Are there species whose females are more neotenous than women?

Do humans have the most neotenous females?
Are there species where the males are more neotenous than the females?

Please note that I include behavior within neoteny.

All domesticated species, including humans, tend to retain juvenile traits, both male and female.

  1. You seem to be assuming that women are more neotenous than men, but I can’t see any reason to believe that is the case. The loss of pronounced canines, loss of muscle mass, shortened forelimbs, excess body fat etc of humans all indicate that men are more neotenous than females.

  2. There are many of species where the males scarcely leave the larval stage, ranging from angler fish to wasps to barnacles.
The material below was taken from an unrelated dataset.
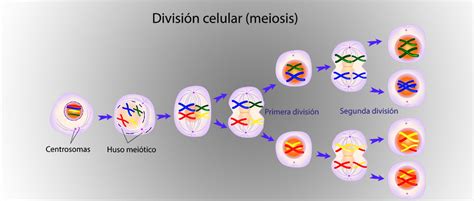 División celular denominada meiosis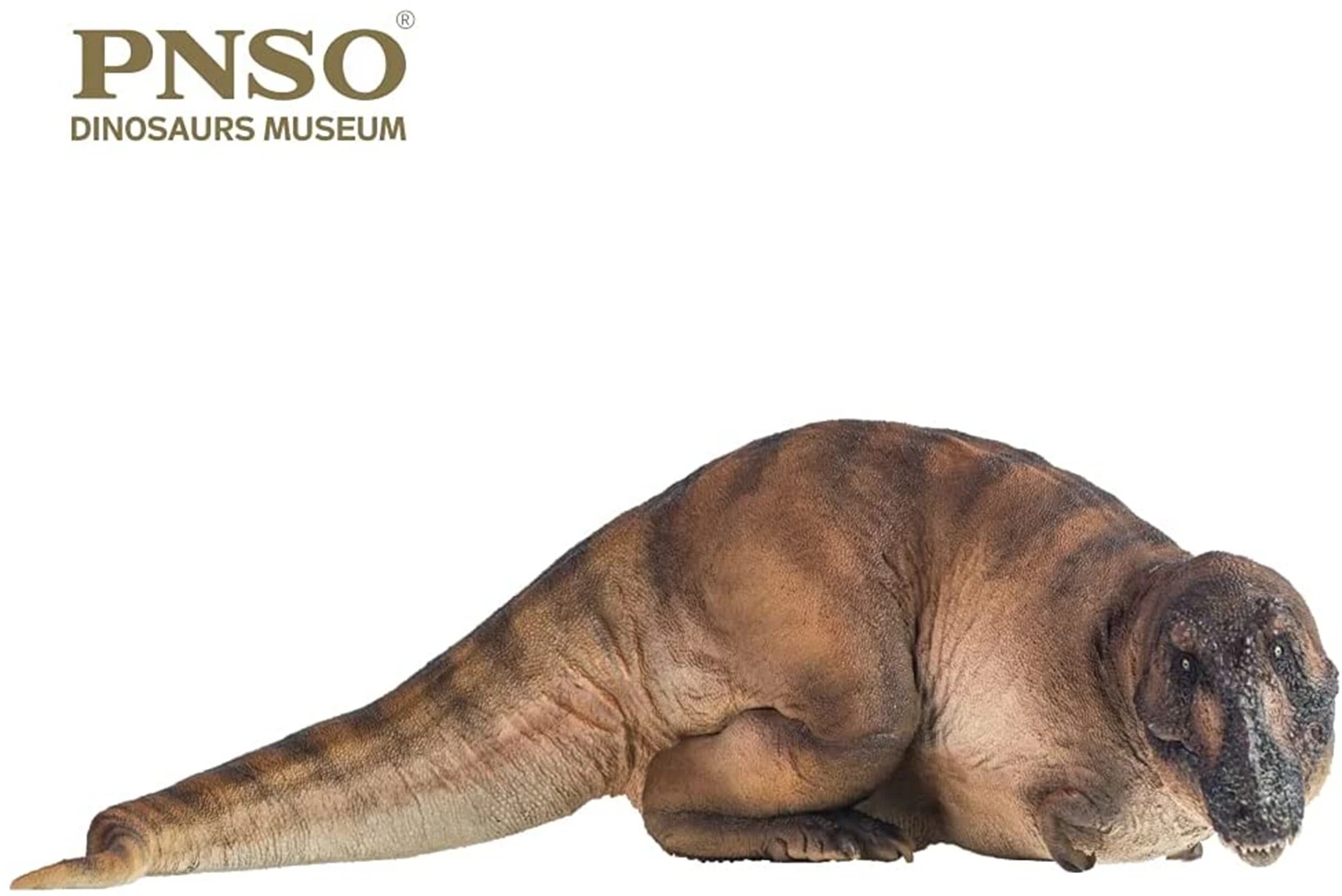 PNSO Dinosaur Museums Series: Andrea The Tyrannosaurus REX 1:35 Scientific Art Model Collector Adult Kids Education Toy Gift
  3. There are likewise many species where the female never fully leaves the larval stage, famously bagworms, but plenty of other insects as well. There are also jellyfish where the females remain forever in the polyp stage of their lifecycle and the males swim around to find them.

  4. Compared to the crap that other taxa get up to, tetrapods generally are very conservative. The degree of neoteny in humans is really just cosmetic. Of course, all vertebrates are stuck perpetually in our larval form. Thus we are all very highly neotenous. Within that neotenic state, the actual variation between specie is insignificant. You are looking at a butterfly that is stuck perpetually as a caterpillar and arguing over whether one with legs a micron shorter is more neotenous. It’s kind of meaningless because it’s swamped by the overall degree of neoteny.

I’m not domesticated!

Kayaker, happily divorced dude.

That implies that an ancestor of vertebrates had insect-like metamorphosis in their life cycle. Is that true, or did the lineage leading to vertebrates just never develop a multi-form life cycle? And even if true, you could just as well say that vertebrates hatch as adults.

(But good examples of organisms with radical neoteny).

Humans? Women develop breasts. Men begin life with everything we’re ever going to need (other than pubic hair and other things which are common to both genders.)

You’re just feral, then.

Actively avoiding TNR.

Am I being oversensitive, or are any of the other women on this board feeling just a touch insulted by the implication here? :dubious:

Higher chordates resemble the tadpole-like larvae of tunicates. It has been proposed that they originated by neoteny of such larval stages.

I’d very much like the OP to clarify exactly what he’s talking about. I also suspect my wish will not be fulfilled.

TNR?

Oh, we are with you, sister

It’s a TLA*.

*Three Letter Acronym

(sorry. Trap, Neuter, Release. Typically a feral cat thang):smiley:

I can’t speak for women on this board, but that got a dubious look from me, too.

Good one. Thanks.

The whole concept of neoteny doesn’t make sense to me. If it is defined as “the persistence of juvenile traits into adulthood”, then what makes those traits “juvenile”, considering adults now have them too?

It seems to me it’s a time game. If these traits were recently “juvenile-only” traits that adults lost, but now we’re beginning to see more of these traits last until adulthood, I can see that requiring a special term. But generations and centuries down the line, when these traits are common in adults, are they really juvenile traits anymore?

Skimming Wikipedia, they describe it more as a slowing down of the aging process. In other words, the juvenile traits still go away, they just last longer into young adulthood than they used to. But that doesn’t jibe with calling lifetime traits “neotenous”, whether it’s decreased body hair on women or permanent larval stage in barnacles.

Cool! Thanks.

Yep, feeling more than a touch insulted.

It indicates persistence of traits that were typical of juveniles in ancestral forms, as may be indicated by fossils or the developmental course of close relatives.

It’s clearest in groups in which most species have larval forms, and metamorphose into very different adults. Some species may achieve breeding condition (and are just adults) while still in the typical juvenile form for the group.